Durumu daha iyi anlatmak için geçmişe dönük alternatif bir senaryo çizelim. Hikaye 2023 Mayıs ayında başlıyor. “RTE’nin tekrardan seçilmesiyle açılan yeni dönemi değerlendirmek için bir araya gelen sosyalist kurumlar, halkın ağırlaşan sorunları karşısında birlikte bir mücadele cephesi kurma kararı alırlar. Ne de olsa onca sosyalist kurum içerisinden sınıf perspektfine sahip ve sahada mücadeleye istekli 7-8 tane yapı çıkmıştır. Böylelikle vakit kaybetmeksizin 2023 Haziran ayı itibariyle bu cephenin kurulma süreci kamuoyuna ilan edilir. İşçi sınıfı ve gençlik içerisinden mücadeleye istekli herkese cephenin kapısı açıktır. Bağımsız sınıf çizgisinden şaşmayacak ve sahaya inecek sosyalist güçler yazı tatil yaparak geçirecek değildir. Birçok sol kurumun katıldığı bu cephe başta büyük kentler olmak üzere ülkenin bir çok noktasında artan hayat pahalılığı ya da başka acil bir gündem (mesela Can Atalay) için güçlü bir kampanya başlatır. Şehirler afişlerle donatılır, pankartlar asılır, imza kampanyaları, paneller, basın açıklamaları, yazılamalar, yürüyüşler, mitingler, dijital propaganda… Ne gerekiyorsa yapılır ve bu kampanya azımsanmayacak şekilde etkili olur. İşçiler ve gençlerin ileri kesimleri sonbaharda da sürecek bu kampanya etrafında toplanmaya başlarlar. İşte kış aylarında yerel seçim süreci bu şekilde etkin bir mücadele arka planıyla karşılanır. Seçim çevreleri sosyalist kurumlar arasında dayanışma ve güven ilişkileri etrafında uygun şekillerde bölüşülür. Birleşik sosyalist cephe, seçimlerde kendi bağımsız çizgisini sürdürür, arka plandaki güçlü kampanyasını seçimlere de taşır ve kuşkusuz çok iyi sonuçlar elde eder. Bu iyi sonuçlar da alınan oy miktarı ile değil, kampanyanın etkisiyle, yakalanan ilişkiler, yeni girilen alanlar, iş yerleri ve mücadeleye katılan ileri unsurlarla ölçülür. Böylelikle muazzam bir başarı sağlanır. Mücadelenin büyümesi gözle görülür düzeydedir. Bu mücadele cephesi seçimin hemen ertesinde vakit kaybetmeksizin kampanyasını ve elde ettiği rüzgarı 1 Mayıs’a taşımak için kolları sıvar… Bu mücadele motoru sonraki aylar ve yıllarda da durmadan çalışmaya devam eder. Ülkede bozuk sömürü düzenine karşı kılıçlar durmadan bilenir…”

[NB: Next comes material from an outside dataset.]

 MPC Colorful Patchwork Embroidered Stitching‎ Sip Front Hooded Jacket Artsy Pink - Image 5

Bu senaryo maalesef gerçekleşmedi. Açık ki durumumuz bu değil. Ülkede emekçilerin hali ortadayken seçim sürecine gümbür gümbür örgütlenen birleşik mücadelelerle girilmedi ve seçim kampanyası bu fiili mücadele sürecinin bir uzantısı olmadı. Devrimciliğin seçimlere bakışı mücadelenin sürekliliği çerçevesinde olmalıdır. Sınıf mücadelesini ileri çeken bu birleşik mücadele süreci, seçim dönemiyle birleştirilirse sonuçlara da yansıyacaktır, ama asıl önemli olan emekçiler ve gençler arasında kalıcı mevziler elde etmektir.

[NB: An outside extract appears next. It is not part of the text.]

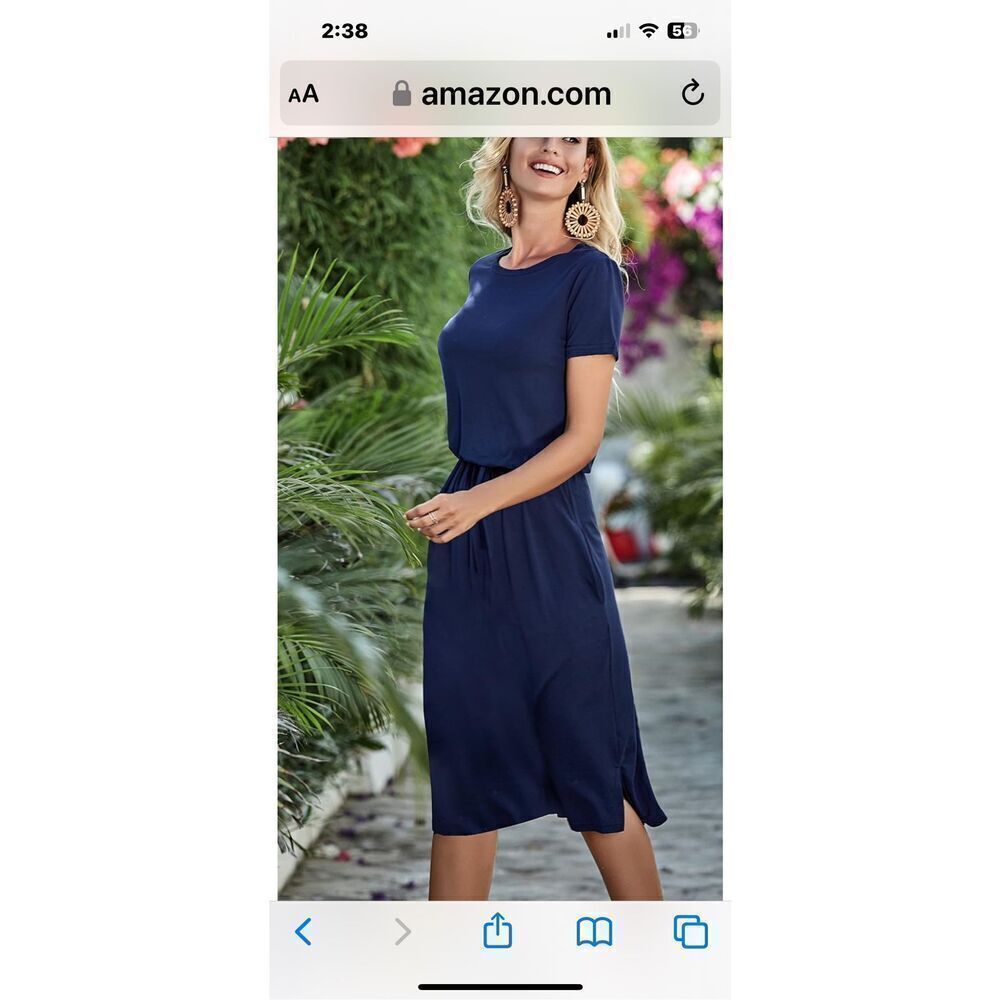 Simier Fariry Women Summer Hide Belly Work Casual Knee Blouson Dress with Pocket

Gelgelelim sosyalist solda sınıf mücadelesi için birleşik cephe fikri zaten yok. Sınıf perspektifi ve fiili mücadele geleneği giderek terk ediliyor ve böyle bir mücadeleyi sahada omuzlayacak devrimci kadrolar giderek azalıyor. Sonuçta kendisini sosyalist solda tarif eden parti ve kurumlar açısından seçimler kerameti kendinden menkul bir çeşit kestirme yükseliş çabasına dönüşüyor. Seçim kampanyalarının (ortada bir kampanya varsa eğer) fiili mücadele süreçleriyle bağı tamamen kopmuş oluyor. Geriye olmadık iddialardan ve skor kaygısından başka bir şey kalmıyor.

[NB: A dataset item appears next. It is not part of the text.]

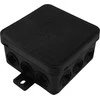 Tuščia ant paviršiaus montuojama dėžutė su 12 įvadų VIPLAST V5 click Juodas IP54 75x75x41mm 035-05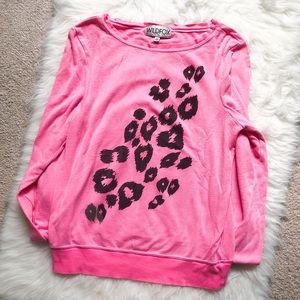 Hot Pink Wildfox Cheetah Print Baggy Beach Jumper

Birleşik mücadele cephesi meselesini özellikle vurguluyoruz, çünkü daha etkin olmak ve fark yaratmak için güçleri birleştirmek şart. Ama bırakalım birleşik mücadele cephesini, sosyalist sol bu yerel seçimde görünür olduğu her yerde birbirine çelme atan bir görüntü sergiledi. Özellikle Kadıköy ve Hatay’da yaşananlar bütün sosyalistlerin prestijinden götürdü. Halk kendi içerisinde kavga edenlere, birbirinin kuyusunu kazanlara doğal olarak prim vermeyecektir.
Oysa sosyalist solda yerel seçim “heyecanı” çok erkenden kendisini hissettirmişti, ta geçen eylül ayında çok geniş katılımlı toplantılara başlandı. Gerçekteyse sosyalist solun birkaç izole ilçe dışında seçimi kazanacağı yer yoktu. Emekçilerin o kadar acil gündemi varken sokakta mücadele konusunda bir araya gelmesi gereken sosyalist kurumların yerel seçim planlaması için üstelik bu kadar önceden bir araya gelmesi ve ivecenlik göstermesi başlı başına büyük bir sorundur. Peki bu toplantılar yapıldı da ne oldu? Seçim tarihi yaklaşınca bu toplantıların pek bir işe yaramadığı ortaya çıktı. Sosyalist solun iş yapmayan ama ayak oyunu yapan klasik özellikleri kendisini tipik bir şekilde gösterdi. Seçimler konusunda diğer düzen partilerinden bu noktada farklılaşan bir yaklaşım sergilendiğini söylemek güç.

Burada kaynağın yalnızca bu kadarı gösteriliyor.